I was in elementary school, in the third grade, when my mother handed me a children’s book with this new notion called “destiny.” I can’t remember the name of the book or who wrote it, but the concept stuck with me. My third-grade mind couldn’t fully digest the idea of destiny. Was my life really already written in stone? Was it true that I couldn’t change this path? The implications were daunting, especially so for a child. The fact I couldn’t comprehend the concept of destiny only fueled my desire to do so even more.

Now, having been through all of middle school and currently being in the middle of my sophomore year of high school, I still have questions. I had to piece together a definition of destiny. At this time, the best definition I have is “an inescapable series of events which will necessarily occur in one’s life.” Google could define it in simpler terms, but this was something I had to do on my own. Yet this still wasn’t enough.

In the Winter, when I went to visit my father in Chinatown, I saw the opportunity to see his outlook on destiny, as a Chinese immigrant. He just responded in his usual broken English, “I have kid. You make strong kid and money.” It wasn’t exactly fulfilling or grand, but it makes sense. My father wasn’t brought up in the best economic situation. This introduced the idea that perhaps destiny is subjective. If so, this means that destiny has no solid definition. Some may set their sights on an extravagant destiny, while others lower their expectations.

When I thought I was getting a grasp on the destiny question, I asked my friend about the concept. He answered, “I don’t believe in destiny,” unaware of the impact this response had on me. At that point, I don’t think I understood either. If he didn’t believe in a destiny, then did that mean there was no pre-written path to follow? Do destinies even exist? I began to wish my mother had handed me a coloring book instead of that children’s book so many years ago.

In a quandary, I didn’t know how to proceed. My question evolved from “What is destiny?” to “Does destiny exist?” I understand that people are naturally curious creatures, but I wasn’t necessarily happy to be completely lost in my study. I was too far deep to get out. If I didn’t answer this question, it may haunt me to my grave.

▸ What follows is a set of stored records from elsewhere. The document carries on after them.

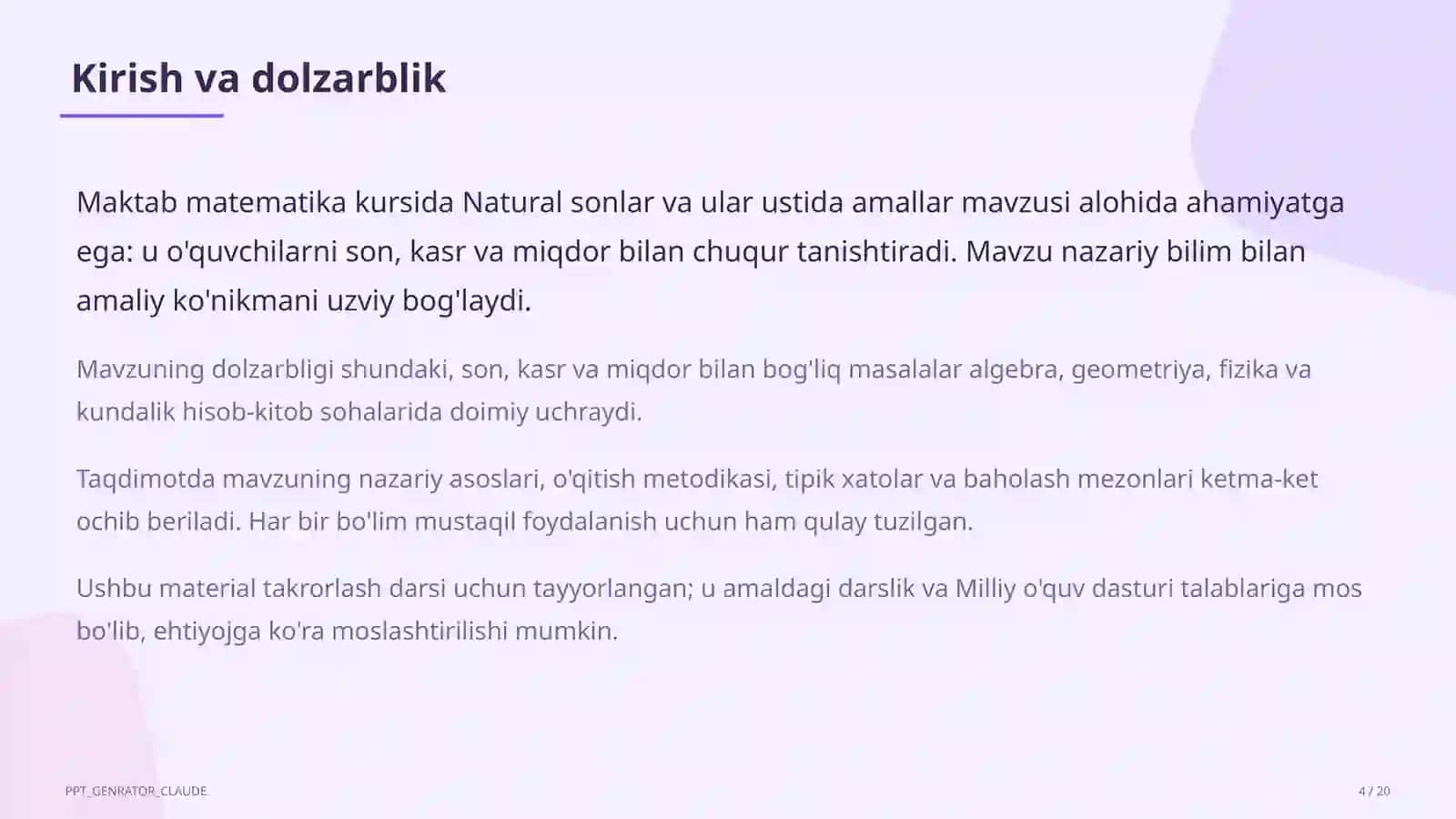 Natural sonlar va ular ustida amallar (5-sinf) 4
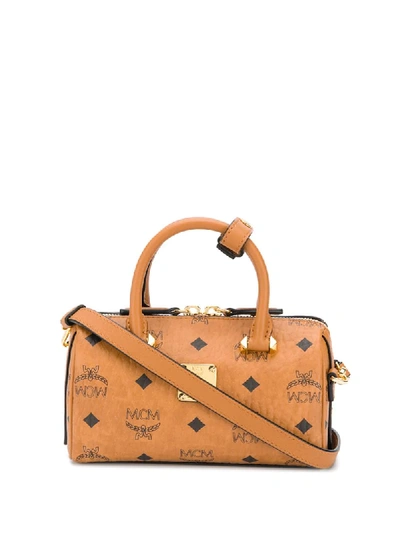 Mcm Mini Boston Bag In Cognac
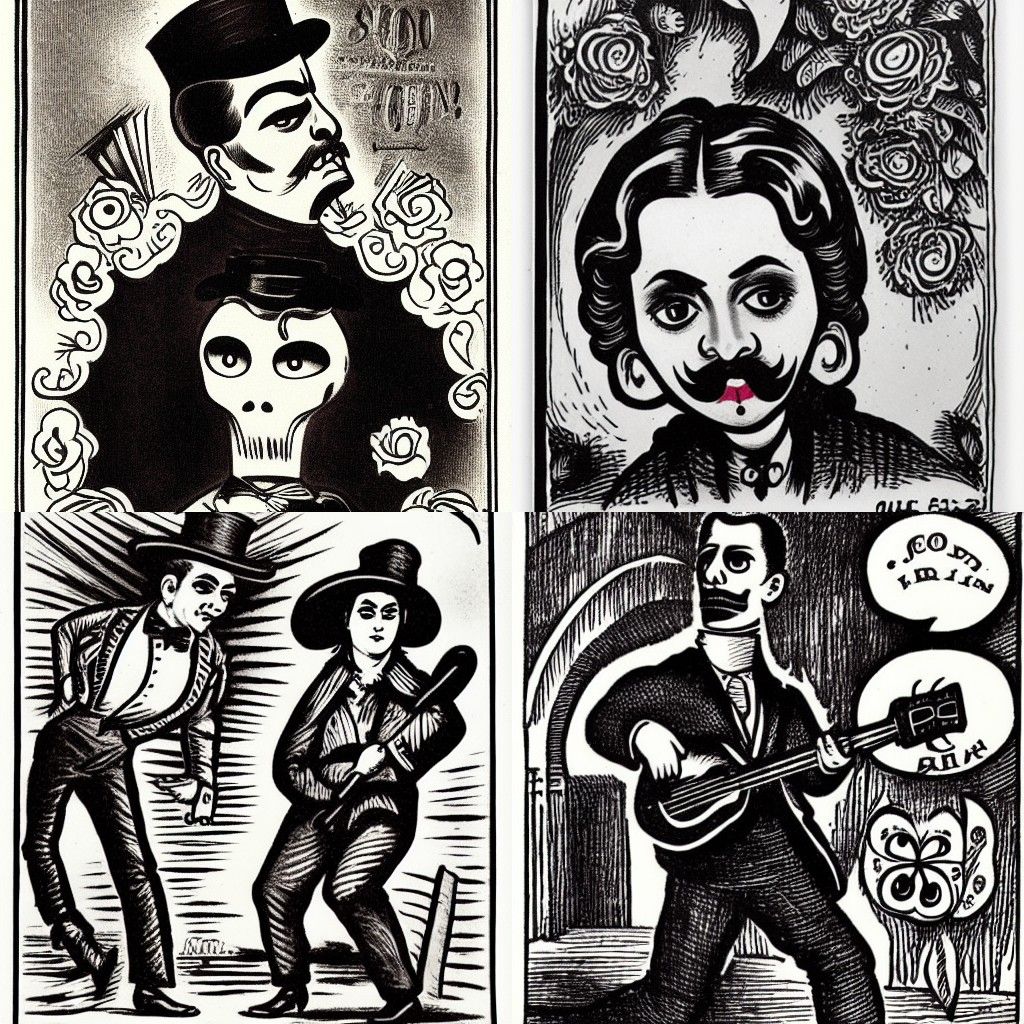 Vintage Calavera Illustration in Posada Style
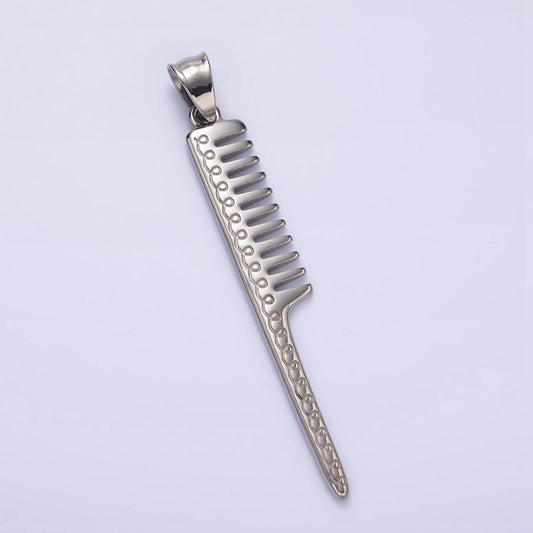 Double sided hair comb charm stainless steel barber hair stylist pendant jewelry p787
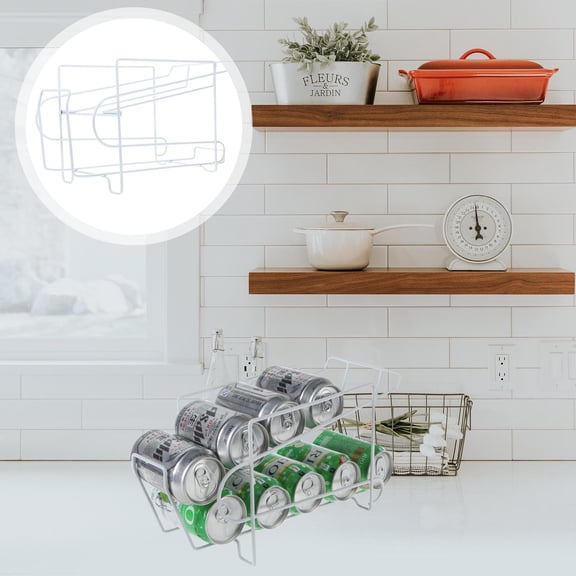 Masteelf White Iron Beer Storage Rack Can Holder for 10 Cans and Sturdy Organizer for Kitchen Bar Office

Out of the blue, I came to a realization. Does destiny matter? I promise this isn’t another question that took ages to answer. In fact, this one I was able to answer quickly. My answer: does it matter? As anticlimactic as it is, the question ceased to be “Does destiny exist?” Really, the question ceased to exist. One can choose to believe in destiny or not, it’s as simple as that. Destiny can be intimidating for some, while others can find comfort in it.

Now, I understand the premise of the children’s book my mother handed to me years ago. It wasn’t to instill the idea of a concrete destiny and that everyone has one, or to mindlessly tell kids that their lives are already written. It was for kids to make of the book what they will. They could determine destiny however they wanted. All the questions that destiny provokes depends on the reader. Personally, I don’t know what to feel. As comforting as it is believing there is some force watching over you, it is also relieving to choose your own path. I find both ideas assuring, so it shows I’m still learning and maturing. What does destiny mean to you? One definition may be different from another, but that doesn’t mean it is any less right or any more wrong.